最後の恋―番外編―

やっぱりそんな私の思考の変化さえお見通しな、美月マスター学は、ハンドルに突っ伏して肩を震わせながら声を殺して笑っていた。


「……はっきり笑ってくれた方がいいんだけど」


すこしふてくされながら言っても、「ごめんごめん」と涙を浮かべて笑い続けている。そんな学を見ていると、ふてくされた感情がすぐにしぼんでなくなってしまう。学が笑ってくれるならまあいっか、なんて思ってしまうのだ。

付き合ってからあんまり大きな喧嘩をしないのは、こうやって怒っていることさえどうでもよくなるくらい、学が好きだからだと思う。

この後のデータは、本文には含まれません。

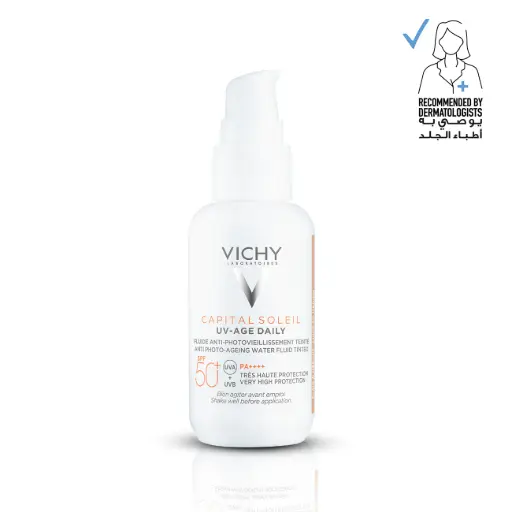 [VCY043] Vichy Capital Soleil UV - Age Tinted Anti Ageing Sunscreen SPF 50+ with Niacinamide - 40ml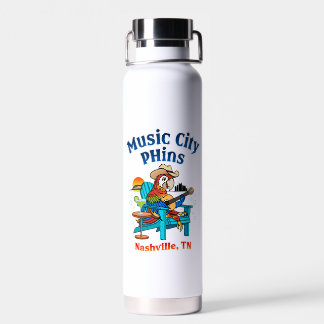 Music City Phins Stainless Steel Water Bottle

お互いに不安なこと、思ったこと、感じたことを、結構素直に伝えっているのもいいのかもしれない。
些細な擦れ違いも、結局は相手を好きすぎるがゆえのことばかりだ。

相手が好きだから不安になって。
不安になるからすれ違って。
それでも好きだから、言葉にして、もっと相手を好きになって。

相手が笑ってくれれば、それだけで自分も笑顔になれる。
悲しければ、それを分かち合って、すこしでも力になりたくて。

きっと私と学は、好きになるスタンスが似ているのかもしれない。
だからこそ、こうやって素直でいられる。


「学のせいで、どんな顔して宮田さんに会えばいいのか、余計わからなくなっちゃったじゃん」

車を降りて、口をとがらせながら文句を言いつつも、差し出された手は当たり前のように握ってしまう。
あの時と同じログハウスへと続く道を、学と肩を並べて、手をつないで歩いていく。

見渡す限り緑だった景色は、葉が落ちて、裸の木々が並ぶ寂しいものに変わっている。
吐く息は白いし、歩いている私たちの恰好も冬仕様に変わっている。

黒いジャケットにワインレッドのインナー、黒のスキニージーンズに黒のブーツ。首に巻いている赤いマフラーがアクセントになっている学は、やっぱりモデルみたいにかっこいい。
それに対して私は、カーキのコートに赤のマフラー、焦げ茶色のスキニージーンズにスニーカーという、オシャレよりも歩き易さと寒さ対策を重視した格好で、色気のカケラもない。